Talese, até então, via Sinatra não só como um cantor sublime de jazz, mas também como uma figura capaz de atrair todos os holofotes.
Ainda assim, apesar de toda sua singularidade e jeito de durão, havia sido derrubado pela mais rotineira e comum das enfermidades. “Sinatra com um resfriado é como Picasso sem tinta, ou uma Ferrari sem combustível — só que pior”, descreveu em seu artigo.
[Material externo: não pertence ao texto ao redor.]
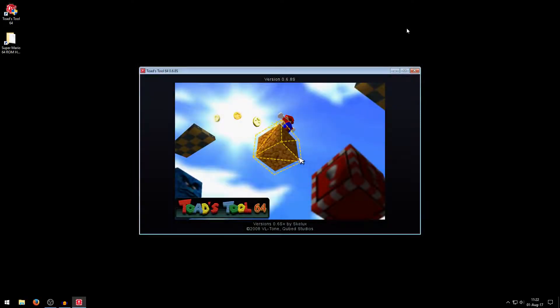Hello everyone, it's GeorgieHack56 and welcome to part 3 of this Toadstool64 tutorial series. In this part I'm going to show you the basics of Toadstool64, how the interface works and all that good stuff. So let's get directly into it.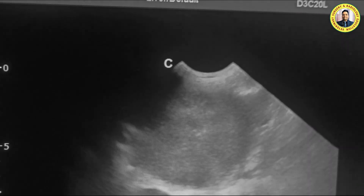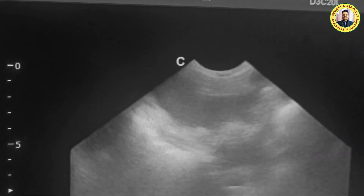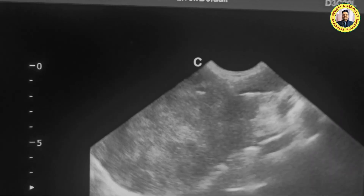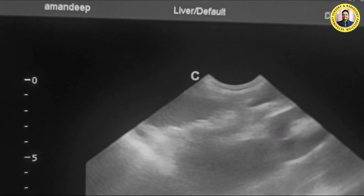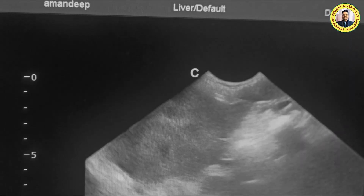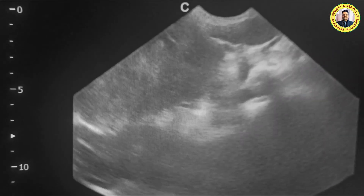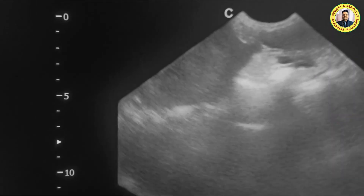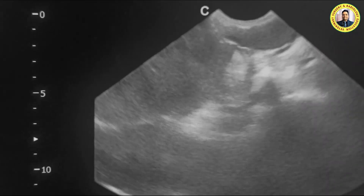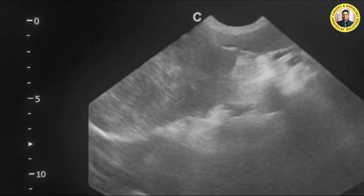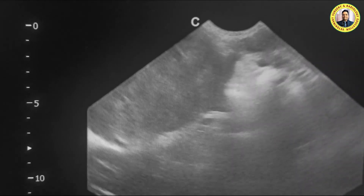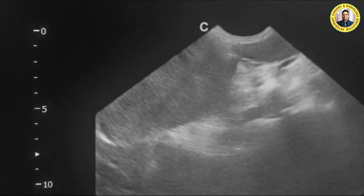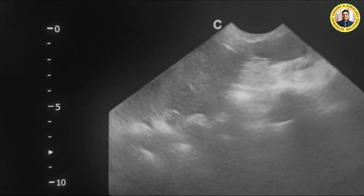Upon radiography it is clear that it is basically originating from the spleen. Now you can see here — this is the spleen. It appears that this mass is arising from the spleen.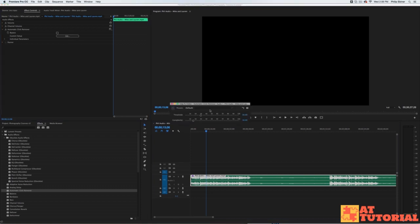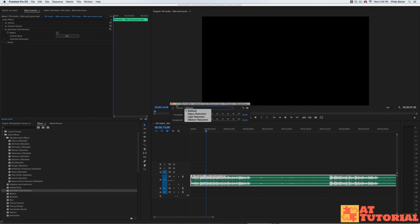So I'm super excited about that. You can click Edit to change the presets - you can use different light, heavy, or medium reduction.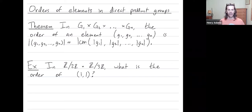Hey everybody! I want to talk a little bit more about orders of elements in direct product groups. Before we get to the theorem, let's work on this first example.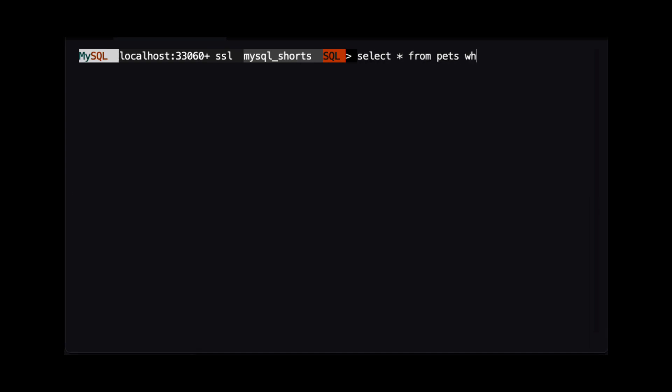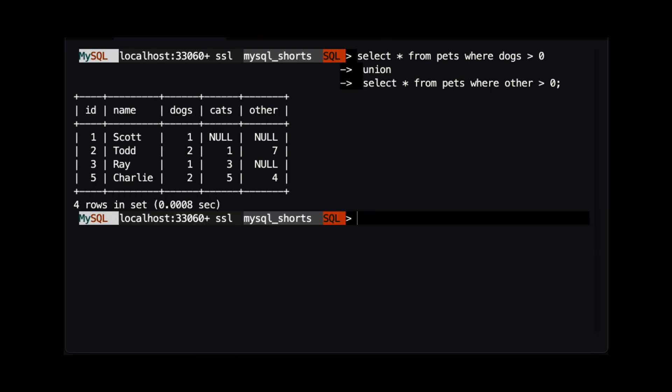First, we're going to look at using a UNION statement. When we use UNION, the result will contain every row that matches the first query and every row that matches the second query. We can see the only person not in this result is Fred, because he only has two cats.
Hoje, 55 anos depois, “Frank Sinatra está resfriado” é considerado um ponto alto do New Journalism, uma escrita digna de frequentar o Hall da Fama das reportagens, tornando Talese um exemplo vivo de como histórias podem ser contadas de maneiras espetaculares a partir de pontos de vista que jamais imaginaríamos que pudesse sair algo — o que é normal para um jornalista que preferia muito mais relatar o cotidiano de um desconhecido do que falar da vida de uma celebridade, motivo pelo qual seu livro “Fama & Anonimato” se tornou célebre.
“Ganhei mais observando-o, ouvindo-o por acaso e observando as reações das pessoas ao seu redor do que se realmente pudesse me sentar e conversar com ele”, declarou o jornalista certa vez, como recorda matéria da GQ.
Ao todo, Gay Talese demorou 10 semanas e teve uma despesa de cerca de 5 mil dólares para reportar e escrever o artigo de 55 páginas — derivado do que ele descreveu como uma "crônica de duzentas páginas" — sobre o cantor norte-americano.
Na edição do 70º aniversário da Esquire, em outubro de 2003, os editores declararam a peça a "Melhor História de todos os tempos" já publicada pela revista. Já a Vanity Fair a chamou o artigo de "a maior história de não ficção literária do século 20".